Владимиров и его сторонники, отказываясь от псевдостарины и сознательной архаизации искусства, обвиняют «невежд» от иконописания в некритическом отношении к традиции. Они «не разумеют право или криво, что застарело того и держатся» (Влад. 25). Сам Иосиф считал необходимым сохранять «правые» заветы старины и выставлял себя последовательным традиционалистом. «Не ново что, —пишет он, —ни кроме преданных догмат глаголати хощу, нужда ми рещи, яко да древнее святых предание невредно соблюдалося и добре бы творимо было» (28). Эта в общем‑то традиционная в церковно–богословской среде риторская формула достаточно точно, как это ни парадоксально, отражает истинные намерения Иосифа. Он действительно стремится сохранить или даже возобновить многие традиции средневековой эстетики, отнюдь не считает себя новатором, и даже там, где он таковым объективно оказывается, искренне убежден, что следует древней традиции, только более верно понятой, чем его ближайшими предшественниками.

В своем трактате Владимиров постоянно ссылается на популярные древние легенды о создании «нерукотворного образа» самим Христом (30; 43; 47; 54), о первом иконописце Луке (31), говорит о древней традиции иконопочитания, о подлинниках, в которых закреплены основные иконографические типы (32).
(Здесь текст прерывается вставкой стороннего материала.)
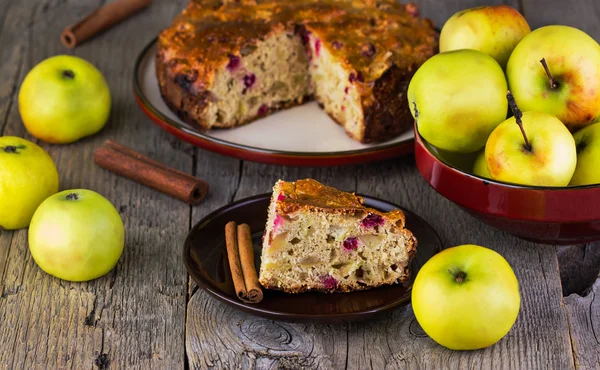 Tarta de manzana con canela — Foto de Stock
От средневековой эстетики он принимает и сакральную, чудодейственную функцию иконы (38, 39), и познавательно–напоминательную, и эмоционально–эстетическую. Изображения («подобия») узаконены «истиннаго ради образа и вечнаго их (святых. —5. Б.) возпоминания за небытную [незабвенную] любовь к тем» (37); для того, полагает Иосиф, «дабы и нам, на сущия их (святых и мучеников. —В. Б.) образы взираючи, в познание и чювства приходити» (33).

Со ссылкой на Иоанна Дамаскина он напоминает об апагогической функции иконы, о том, что в ней почитаются не доска, краски и белила, а образ Божий (53) и почитание с этого образа восходит к первообразу.

«…Иконы—не боги, —напоминает он, —ни) же могут что творити, кроме еже ум наш возводят на первообразнаго Христа, или на святых его, и тех сила действуется» (57). В изображении Иосиф видит как бы два уровня, соответствующих двум по средневековой традиции родам зрения—физическому и духовному или, точнее, душевному («сердечнаму»): «И тако на иконы телесныма очима взирающе, а сердечными на того, чье есть подобие внимающе» (32). Глядя на икону Христа, мы живописуем «в сердцы своем первообразный его лица зрак» (31).